At local elections, most municipalities in Turkey’s southeastern heartland are won by the HDP or the Democratic Regions Party (BDP). But Kurds are very geographically scattered, millions living in western Turkey and often voting for other parties.

While many Kurds vote for the pro-Kurdish parties because of their ties to the outlawed Kurdistan Workers’ Party (PKK), there are others who remain opposed to the PKK’s hardline, Stalinist style.

AKP’s success against the military – removing it out of politics -- helped the party gain greater support among Kurds.  In 2007, AKP introduced the first draft constitution written entirely by civilians.

"Reducing the military’s role is an advantage for the Kurds, because they have suffered a lot during military rule," says Seyhanlioglu.

In the 1990s, more than 3,000 villages and farm settlements in the Kurdish regions were emptied by the military and its inhabitants forcibly evacuated, in a bid to deny shelter to the PKK, which is engaged in peace talks with the AKP after three decades of fighting the state for greater rights.
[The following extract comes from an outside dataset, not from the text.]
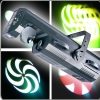 575W Scan Light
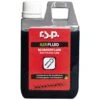 R.s.p. Air Fluid Lubricant For Suspensions 250 Ml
The Turkish economy has also come a long way during Erdogan's decade in power, boosting the AKP’s popularity, including among Kurds. According to Seyhanlioglu, AKP has won popularity by spending lavishly on roads, schools and different social services across the country, including in the Kurdish southeast.

"AKP secured help for poor families and scholarships, so that children could attend schools," Seyhanlioglu noted.

In Diyarbakir, shoe salesman Mahmut Turan is among those who does not support the AKP. He thinks that Erdogan and his former party’s promises of greater rights to Kurds are insufficient, and that the ruling party has a hidden agenda.

“AKP is always talking about freedom. But for AKP, individual freedom means freedom of religious expression, nothing else,” Turan says.

Professor Abbas Vali from Bogazici University in Istanbul agrees that a “significant number” of Kurds vote for the AKP, but insists that the majority do not.

He says the AKP’s reforms still have long to go, and that Kurds are especially hurt by not being able to have their children learn their language at public schools.

“Kurds who can’t afford to send their children to private schools can’t learn their language,” he notes.

He explains that one way the Kurds are kept politically behind is by the AKP’s refusal to to lower the 10 percent electoral threshold in parliament, preventing the main pro-Kurdish parties from being represented at the a national level.